Using Burden-Sharing as a Justification to Reduce Responsibilities
One consequence of all the discussions about burden-sharing within the humanitarian community is that states can utilize that same logic to reduce their commitments to international refugee protection. A clear example of this is contained in “President Donald J. Trump's Humanitarian and Responsible Approach on Refugees Protects the Welfare of American Citizens” issued on September 26, 2019. The introduction is quoted in full below.
“A responsible approach to refugees is one that seeks the eventual return of refugees to their home countries so that they can help to rebuild their own nations.”
President Donald J. Trump
• MOST GENEROUS IMMIGRATION SYSTEM IN THE WORLD: America continues to lead the way in worldwide refugee efforts, both in financial contributions and permanent resettlement.
° The USA expects to receive more than 368,000 new refugees and asylum claims in fiscal year (FY) 2020—continuing our generous record of providing humanitarian protections.
• This includes the proposed 18,000 refugees and more than 350,000 individuals in new asylum cases.
• Considering refugees and asylum seekers as part of the same relief effort is an accurate reflection of America's generous protection-based immigration.
• This proposed ceiling takes into account the ongoing security and humanitarian crisis on our border and the massive asylum backlog, which now includes nearly 1 million individuals.
° The overwhelming backlog is completely unsustainable and needs to be addressed before we accept large numbers of refugees.
Stating that the immigration system is “generous” (the term is used three times in this document) and “continues to lead the way” is making a claim that USA has met, perhaps even surpassed, all its responsibility-sharing obligations. At the same time, the document also implies the burden that the country has assumed due to an “ongoing security and humanitarian crisis” on the border and the “massive asylum backlog” is both “overwhelming” and “completely unsustainable” and must be addressed before resettling larger numbers of refugees.
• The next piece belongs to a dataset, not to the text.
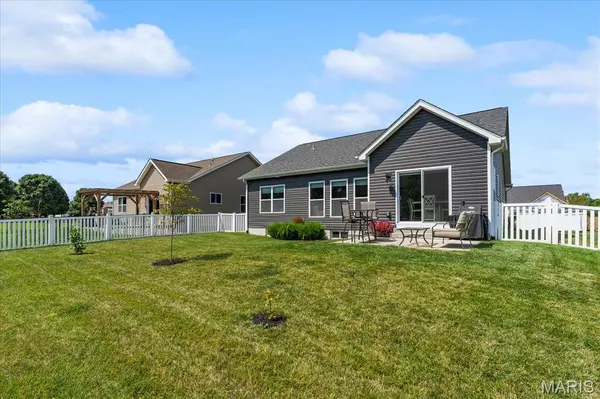 3914 Narrow Leaf LN, Swansea, IL 62226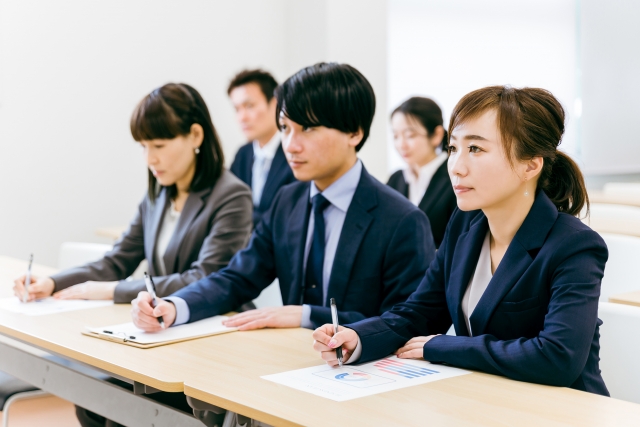 満足度の高い企業研修ランキング【ANAビジネスソリューション】が初の総合2冠 『企業研修 新卒社員向け公開講座』【ANAビジネスソリューション】が7年ぶり2度目の総合1位（オリコン顧客満足度(R)調査）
It is clear in these statements that refugees are a burden, in fact a deferrable one that must be put on hold until the state can first deal with what has been deemed to be the more important and pressing burden of the asylum seekers. What goes unstated, but is certainly implied, is that this is a justification for Trump's further reduction of the resettlement quota.
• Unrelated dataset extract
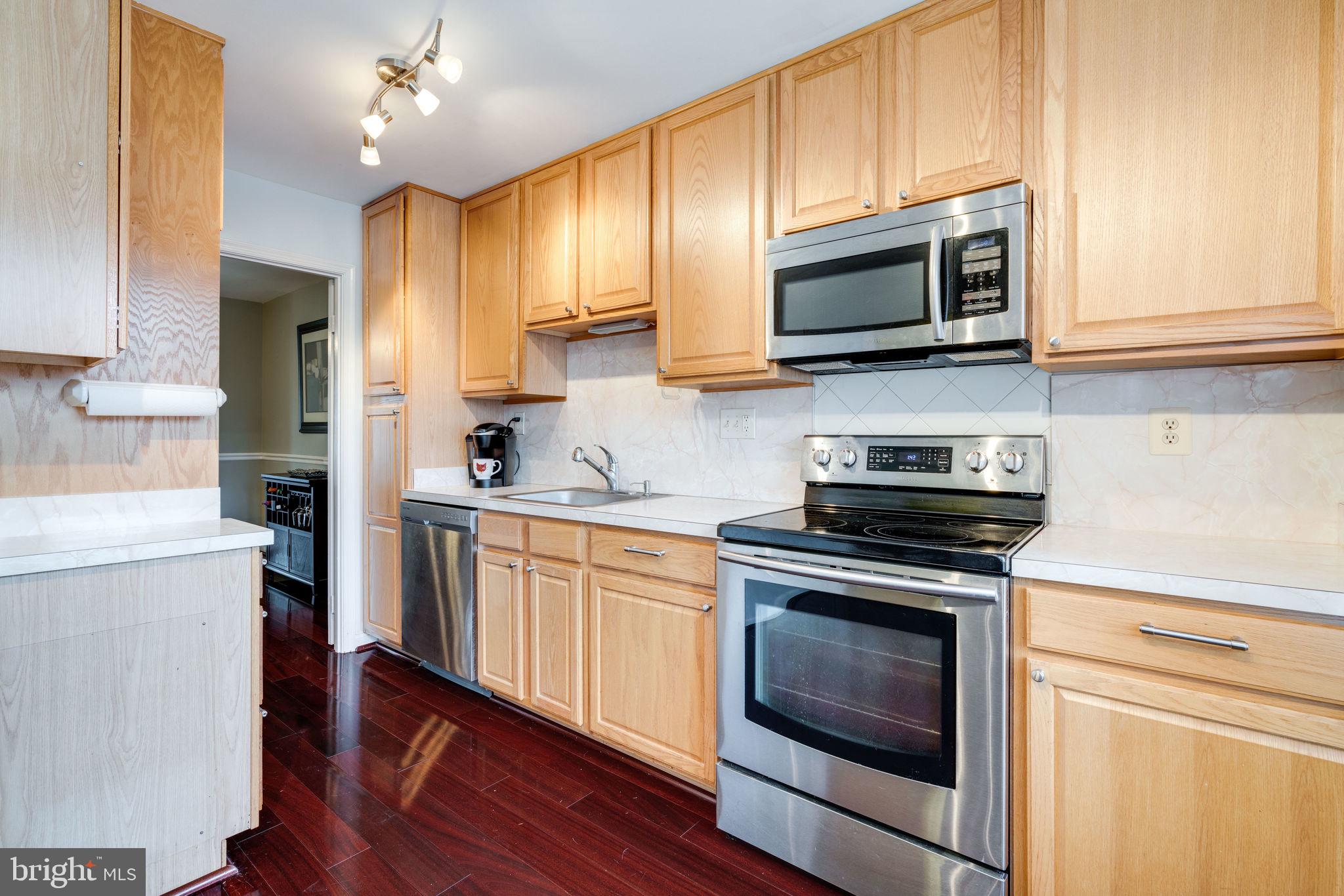 7263 Evanston Road Springfield, VA 22150 - Photo 6 of 31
There is also the disturbing irony that this White House fact sheet illuminated the way that the USA is not subject to the international pressure to provide for refugee populations in the way that refugee-hosting states, like Tanzania, are. The USA does not host refugee camps for the asylum seekers who show up on its southern border. Undocumented migrants in the USA are held in Detention Centers until judges rule whether or not they qualify for asylum. Asylum laws in the USA are based on international refugee law, but their interpretation and enforcement illustrate the inequalities of the global political economy. According to the international norms of burden-sharing, the USA is considered as a donor country, not a host country (Milner, 2016). This designation exists despite the admission that the USA has a backlog of almost 1 million asylum seekers. In other words, as a wealthy country, the USA enjoys its donor status at the expense of the asylum seekers. Their presence, in comparatively large numbers, could also designate the USA as a host state; its status as only a donor state is only possible through the erasure of the asylum seekers. Moreover, the USA is not as generous a donor state as it purports to be. While the figures from the Official Development Assistance (ODA) for 2019 indicate that the USA donates the largest sum of international aid (almost 35 billion USD), when this number is taken as a percentage of the Gross National Income (GNI), the USA ranks 24th rather than 1st.
The leeway afforded to the USA exists, at least in part, because of the practice and principles of burden-sharing. The USA continues to be perceived as a generous donor state due to their financial contributions in spite of the fact that they are increasing rather than sharing the burdens. The Trump Administration's major changes to the US's resettlement practices have had far-reaching effects too, affecting refugee-hosting states, humanitarian organizations, and refugees (Thomson, 2017b). Resettlement reductions have contributed to the creation of an increasingly xenophobic environment for refugees that have already been resettled in the USA. Congolese refugees' accounts of living in the USA illustrate how they have felt increasingly unwelcome in the USA in recent years. And thus, another unacknowledged effect of the USA abdication of its burden-sharing responsibilities has been the increased day-to-day burdens on the refugees it already resettled.
Resettled Refugees: Still Burdened by Burden-Sharing
“The USA and Tanzania are the same. One is not better than the other. They treat us the same in both places” (February 7, 2014). This is one of the first things Patrice told me when she and her family received me at the airport about 7 months after they had been resettled in the USA. During my entire stay in their new home, Patrice and her husband told me stories of the way they had been treated poorly, particularly by the case workers at the resettlement agency that was supposed to be assisting them in their transition. For example, the agency did not have housing arranged for the Congolese family once they arrived. The family had to live in a hotel, paid for with their government stipends, until the agency secured housing for them. When Patrice's husband asked their case worker about the agency's mistake and how much of their stipend was spent on the hotel, he did not receive an apology much less any sort of repayment. The agency also bought a car for them with their stipend money. Patrice and her husband were frustrated that they were again not consulted in regard to how to spend money which belonged to them. Instances such as these contributed to Patrice's family's sense that their resettlement agency treated them in a manner similar to how they were treated by aid agencies in Tanzania, as a burden.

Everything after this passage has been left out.